The alpha Capricornids (CAP) are active from July 2 through August 10 with maximum activity occurring during the last week of July. The broad maximum occurs anywhere from July 25 to the 30th with visual rates usually around 3 per hour. The radiant is currently located at 20:07 (302) -10, which places on the Capricornus/Aquila border, 4 degrees northwest of the 4th magnitude star known as Alpha2 Capricorni (Algedi). This radiant is best placed near 01:00 LDST when it lies on the meridian and is located highest in the sky. Hourly rates at this time should be near 3 no matter your location. With an entry velocity of 22 km/sec., the average alpha Cap meteor would be of slow velocity.

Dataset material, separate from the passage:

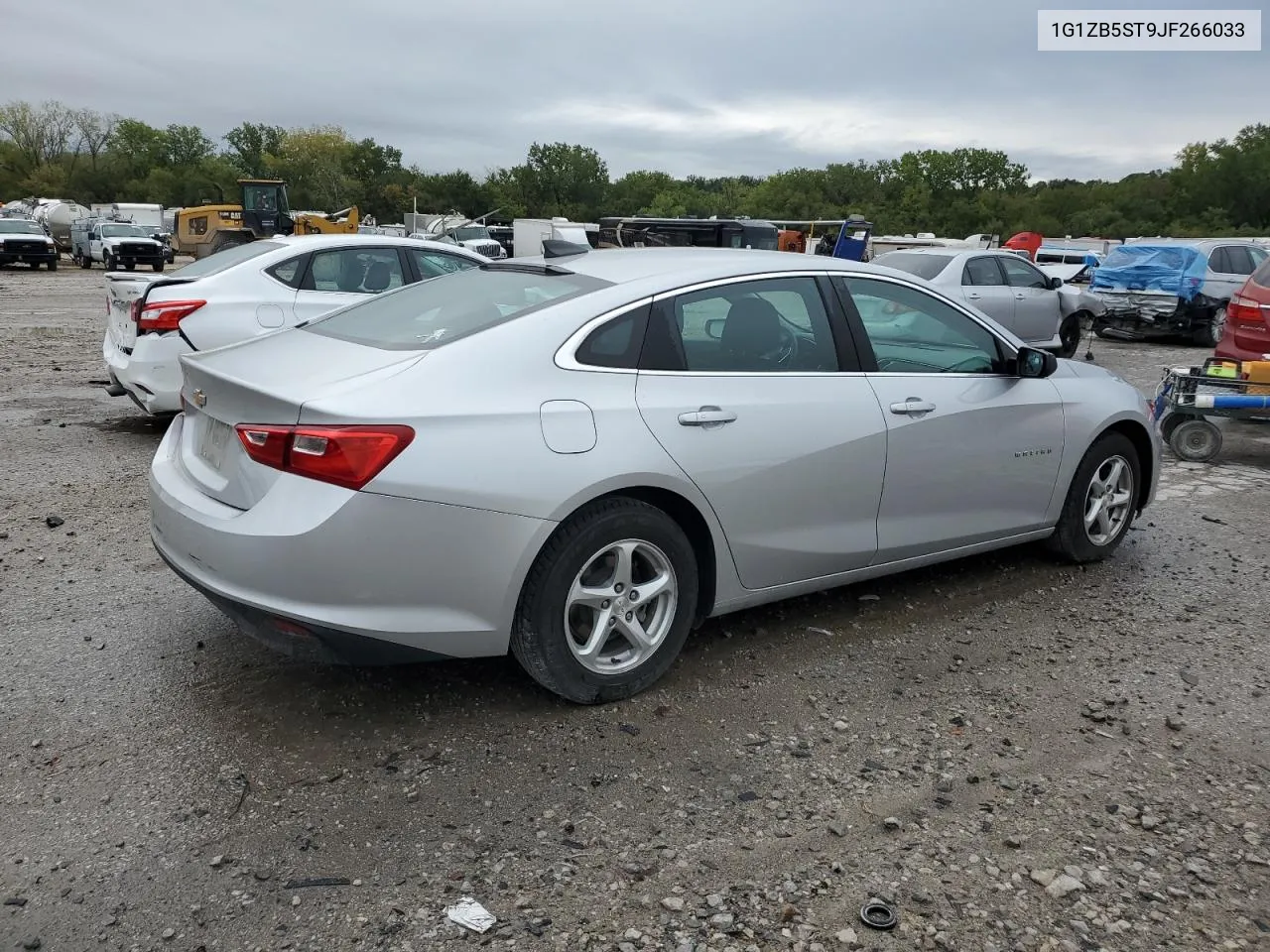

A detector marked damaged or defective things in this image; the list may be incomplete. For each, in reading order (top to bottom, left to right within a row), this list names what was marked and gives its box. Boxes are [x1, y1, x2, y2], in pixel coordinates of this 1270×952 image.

damaged car [1086, 238, 1264, 347]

The center of the large Anthelion (ANT) radiant is currently located at 21:04 (316) -17. This position lies in northern Capricornus, near the spot occupied by the 4th magnitude star known as Dorsum (theta Capricornii). Due to the large size of this radiant, anthelion activity may also appear from southwestern Aquarius as well as Capricornus. This radiant is best placed near 0200 LDST, when it lies on the meridian and is located highest in the sky. Rates at this time should be near 2 per hour as seen from mid-northern latitudes (45 N) and 3 per hour as seen from the southern tropics (S 25). With an entry velocity of 30 km/sec., the average anthelion meteor would be of slow velocity.

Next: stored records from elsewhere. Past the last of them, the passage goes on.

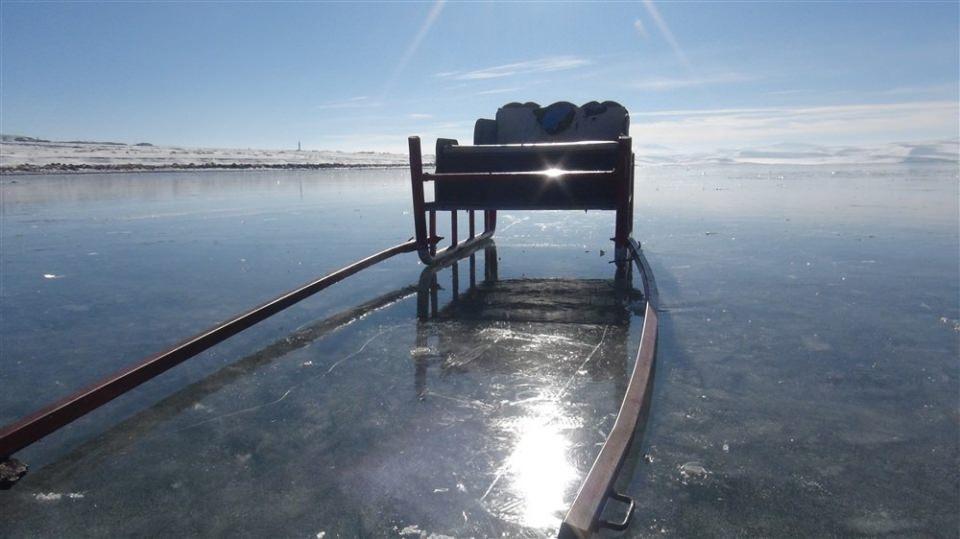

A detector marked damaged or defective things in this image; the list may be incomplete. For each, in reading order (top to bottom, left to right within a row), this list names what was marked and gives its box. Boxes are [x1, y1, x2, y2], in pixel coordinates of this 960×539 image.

rusty metal rail [0, 239, 428, 476] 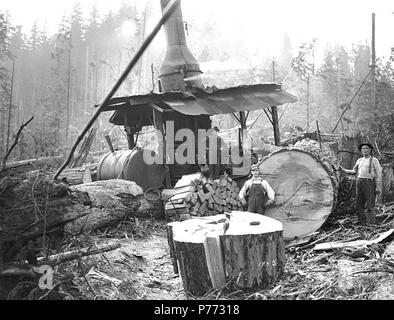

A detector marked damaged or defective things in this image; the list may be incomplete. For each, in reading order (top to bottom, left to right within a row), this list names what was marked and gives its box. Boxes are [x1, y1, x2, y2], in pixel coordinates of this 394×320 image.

rusty barrel [98, 149, 168, 191] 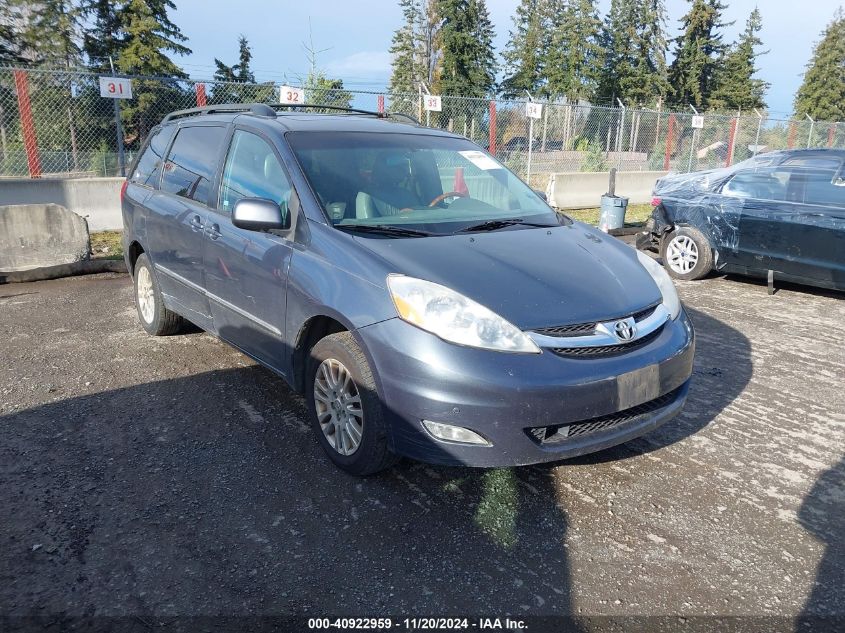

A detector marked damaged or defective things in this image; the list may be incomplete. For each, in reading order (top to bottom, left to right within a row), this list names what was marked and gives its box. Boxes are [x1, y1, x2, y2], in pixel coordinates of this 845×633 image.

car wheel on damaged car [122, 101, 696, 472]
damaged dark car [640, 148, 844, 292]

The August beta Piscids (BPI) are synonymous with the northern delta Aquariids (NDA). Although the BPI’s have been removed from the IAU’s shower list, it best represents the classical activity of the NDA’s, first mentioned by Luigi G. Jacchia in his book The Moon, Meteorites and Comets. The peak, on August 13th, also occurs with the radiant within the borders of the constellation of Pisces. The radiant currently is located near 22:00 (330) -05. This area of the sky is located in western Aquarius, 5 degrees south of the 3rd magnitude star known as Sadalmelik (alpha Aquarii). This radiant is best placed near 0200 LDST, when it lies on the meridian and is located highest in the sky. Hourly rates at this time should be less than 1 no matter your location. With an entry velocity of 38 km/sec., the average meteor from this source would be of medium-slow velocity.

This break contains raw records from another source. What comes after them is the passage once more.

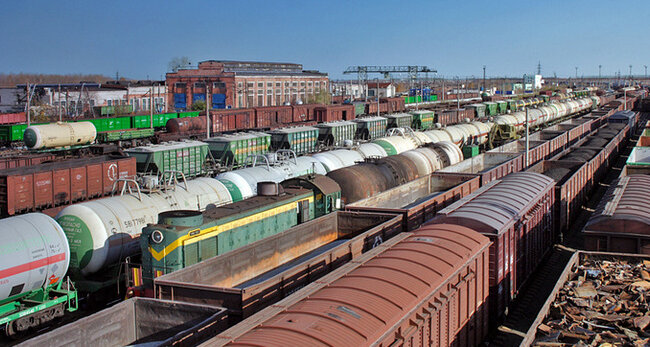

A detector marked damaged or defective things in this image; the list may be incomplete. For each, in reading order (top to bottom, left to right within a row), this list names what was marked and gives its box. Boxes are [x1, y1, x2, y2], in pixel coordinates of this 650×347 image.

rusty metal sheet [215, 224, 488, 346] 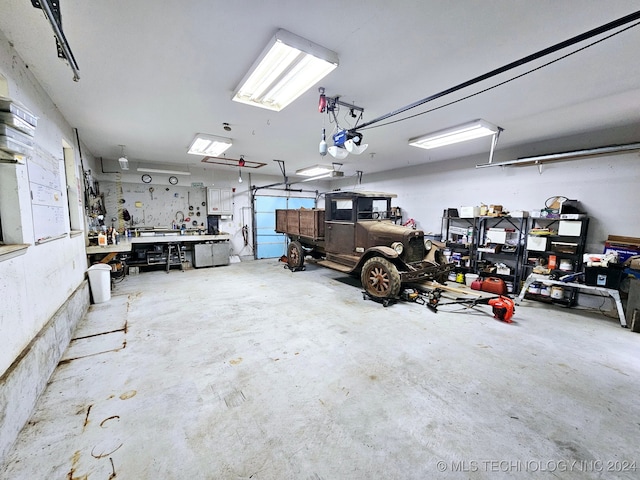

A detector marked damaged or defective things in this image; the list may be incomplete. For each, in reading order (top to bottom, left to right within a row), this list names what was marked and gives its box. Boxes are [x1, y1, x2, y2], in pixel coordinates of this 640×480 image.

rusty vehicle [276, 191, 456, 300] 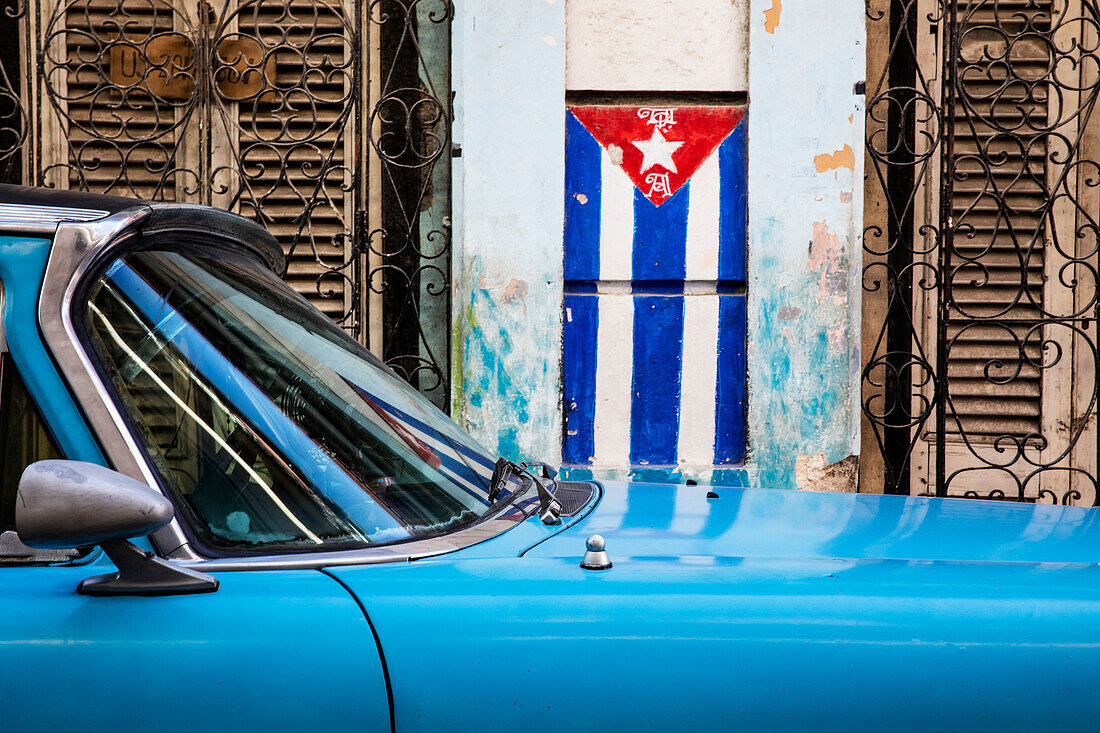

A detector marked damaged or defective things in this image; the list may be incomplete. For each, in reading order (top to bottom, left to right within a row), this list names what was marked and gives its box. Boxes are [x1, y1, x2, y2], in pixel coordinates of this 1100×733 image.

peeling paint [765, 0, 783, 33]
peeling paint [814, 144, 853, 176] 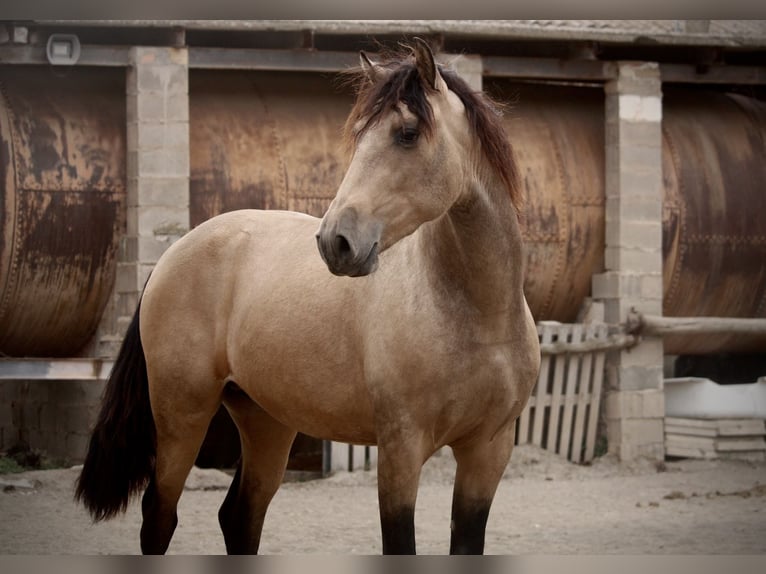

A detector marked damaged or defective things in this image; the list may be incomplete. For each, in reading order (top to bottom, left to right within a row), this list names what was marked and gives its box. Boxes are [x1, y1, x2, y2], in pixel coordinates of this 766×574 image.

rusty metal tank [0, 66, 126, 356] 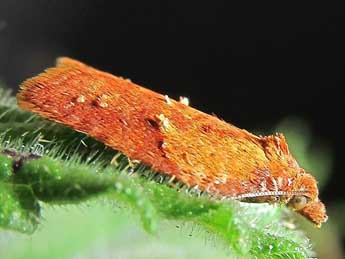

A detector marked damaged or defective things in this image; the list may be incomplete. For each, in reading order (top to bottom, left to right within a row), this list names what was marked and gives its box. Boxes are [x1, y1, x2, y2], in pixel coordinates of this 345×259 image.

rusty orange moth [16, 57, 326, 228] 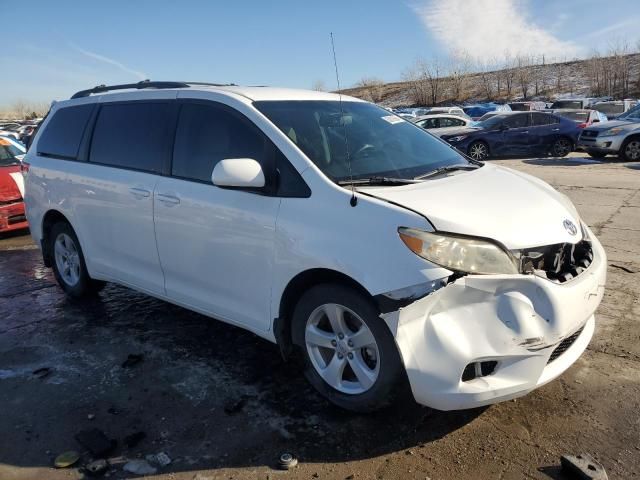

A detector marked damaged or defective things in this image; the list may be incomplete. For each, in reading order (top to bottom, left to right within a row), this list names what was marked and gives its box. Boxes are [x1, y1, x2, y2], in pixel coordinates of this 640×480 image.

crumpled hood [362, 163, 584, 249]
front-end collision damage [378, 232, 608, 408]
cracked bumper [382, 231, 608, 410]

The radiant of the Southern Delta Aquariids (SDA) is now located at 22:26 (337) -18. This position is located in southwestern Aquarius, 5 degrees southwest of the 3rd magnitude star known as Skat (delta Aquarii). Maximum activity is expected on July 29th. Current hourly rates will depend on your latitude. Those viewing from the southern tropics will see the best rates of near 3 per hour, increasing to near 20 at maximum. Rates seen from mid-northern latitudes will be near 1 per hour, increasing to 10 at maximum. The radiant rises near 22:00 LDST for observers located in the southern tropics, but is best placed near 0300 LDST, when it lies highest in the sky. With an entry velocity of 41 km/sec., most activity from this radiant would be of average velocities.

The July Pegasids (JPE) are active during the entire month of July with maximum activity occurring on July 10th. The radiant is currently located at 00:04 (001) +15. This area of the sky is located in southeastern Pegasus, 2 degrees southwest of the 3rd magnitude star known as Algenib (gamma Pegasi). This radiant is best placed near 0500 LDST, when it lies on the meridian and is located highest in the sky.  Rates are expected to be less than 1 per hour this week no matter your location. With an entry velocity of 68 km/sec., the average meteor from this source would be of swift velocity.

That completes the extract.